Unfortunately, the results weren’t very good: I didn’t get a portage tree bound… quickly checking around, 0.7.2 worked fine 0.7.3 didn’t. After looking at the code it became apparent that the root filesystem mountpoint that was introduced in this release as a configuration option is not only used for loop-device backed images (which are now supported, and weren’t before), but also for standard directory-based containers. If you add this to one issue I have described before (the fact that lxc does not validate that the mount paths provided for bind-mounts are within the new rootfs tree) you may start to understand the issue here.

If you haven’t seen it yet, here’s the breakdown:

  • my container’s rootfs is located at /media/chroots/lxc-buildyard4;
  • the /etc/lxc/buildyard4.conf file used to bind-mount the portage directory as /media/chroots/lxc-buildyard4/usr/portage;
  • with 0.7.2, the pivot_root system was called over /media/chroots/lxc-buildyard4 and all was fine;
  • with 0.7.3, before pivoting, /media/chroots/lxc-buildyard4 was bind-mounted to a different path (let’s assume /usr/lib/lxc/rootfs but it was a bit more messed up);
  • when I accessed /usr/portage within the chroot I was actually accessing the path to be found at /usr/lib/lxc/rootfs/usr/portage.

Okay so it’s a bit murky, because if you think of bind-mounts the same way you think about symlink, the first bind mount should have accessed all the sub-bind-mounts as well, but that wasn’t the case because the first wasn’t a recursive bind-bound. Which means you really have to change all your configuration files to use the new rootfs mount path, and they didn’t seem to make that very clear as news files.

Besides, the default configuration is variable on the libdir setting, which means you’d have different paths between 32-bit and 64-bit systems (symlinks are ignored in part, remember) so to avoid that, I’ve revision-bumped lxc in tree and is now using /usr/lib/lxc/rootfs directly, ignoring multilib altogether.

On a different note, I’m still planning on writing a post detailing how cgroups work, since both LXC and libvirt (two projects I follow) make use of them, as well as Chrome/Chromium and, now, the Lennart userland implementation of the 200loc kernel patch.
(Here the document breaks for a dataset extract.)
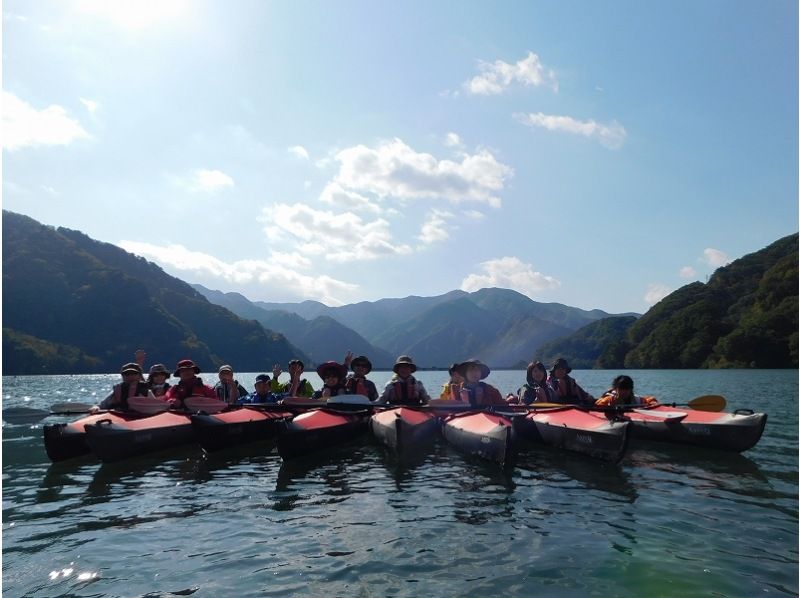 群馬縣綠道市☆3歲以上即可乘車！草崎湖獨木舟之旅☆旅行中免費照片！の紹介画像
But before doing that I want to compare how the other distributions solve the mountpoint problem:

  • the cgroup filesystem has to be mounted to be used, like /sys, /dev, /proc and so on… but OpenRC currently ignores it;
  • the LXC init script accepts an already-mounted cgroup filesystem or mounts it over /cgroup;
  • as far as I can tell, Fedora uses /dev/cgroup but that montpoint, like /dev/pts and /dev/shm need to be created after udev was started, as /dev is a virtual filesystem itself (that’s what /etc/init.d/devfs does);
  • while on the other hand Ubuntu seem to rely on /sys/fs/cgroup which is an empty directory on the /sys pseudo-filesystem created when cgroup is enabled in the kernel.

Sincerely, my preferred solution right now is the last one, since that requires no special code, just need /sys mounted, and is much more similar to how fusectl is mounted (on /sys/fs/fuse/connections). If you have any comments, feel free to have a say here.